As part of the Prison Litigation Reform Act (“PLRA”), Congress mandated that “[n]o action shall be brought with respect to prison conditions under section 1983 of this title, or any other Federal law, by a prisoner confined in any jail, prison, or other correctional facility until such administrative remedies as are available are exhausted.” 42 U.S.C.§ 1997e(a). “However, the exhaustion requirement ‘is an affirmative defense,' not a pleading requirement.” Jones v. Bock, 549 U.S. 199, 216, 127 S.Ct. 910, 921, 166 L.Ed.2d 798 (2007) (quoted in Brooks v. Warden, 706 Fed.Appx. 965, 968 (11th Cir. 2017)). An “exhaustion defense should be raised in a motion to dismiss under Rule 12(b).” Bryant v. Rich, 530 F.3d 1368, 1374-75 (11th Cir. 2008) (quoted in Brooks, 706 Fed.Appx. at 968).

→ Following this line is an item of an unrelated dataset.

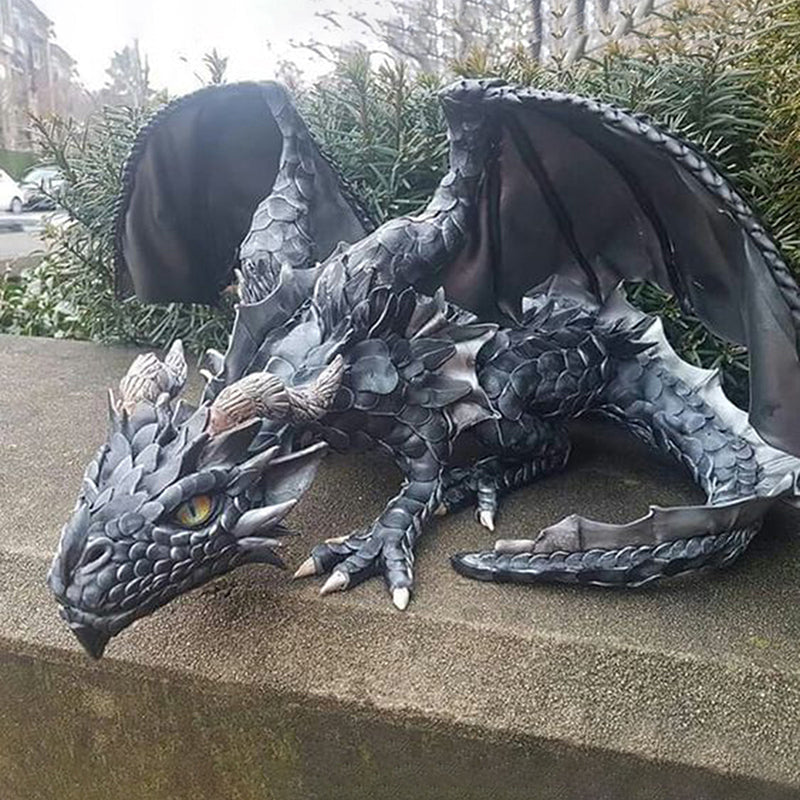 Legendärer Sitzender Drache – Magische Dekoration für Haus und Garten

Rule 12(g)(2) of the Federal Rules of Civil Procedure limits “defenses that can be raised for the first time in a second or successive motion to dismiss under Rule 12.” Brooks, 706 Fed.Appx. at 968. “Specifically, the rule says: ‘Except as provided in Rule 12(h)(2) or (3), a party that makes a motion under this rule must not make another motion under this rule raising a defense or objection that was available to the party but omitted from its earlier motion.'” Fed.R.Civ.P. 12(g)(2) (quoted in 706 Fed.Appx. at 968). Thus, “a party cannot raise a defense in a second Rule 12 motion that it failed to raise in its first Rule 12 motion.” 706 Fed.Appx. at 968; see also Ford v. Hayes, No. 3:15-CV-907-J-32JRK, 2018 WL 3831167, at *6, n.8 (M.D. Fla. Aug. 13, 2018) (finding that defendants “forfeited the right to raise the defense in a subsequent motion” to dismiss); Oliver v. Whitehead, No. 3:14-CV-1506-J-39JRK, 2017 WL 5187752, at *2 (M.D. Fla. Nov. 9, 2017) (rejecting exhaustion defense raised in summary judgment motion because it was not raised in prior motion). “The policy behind Rule 12(g) is to prevent piecemeal litigation in which a defendant moves to dismiss on one ground, loses, then files a second motion on another ground.'” Ennenga v. Starns, 677 F.3d 766, 773 (7th Cir. 2012) (quoted in 706 Fed.Appx. at 969).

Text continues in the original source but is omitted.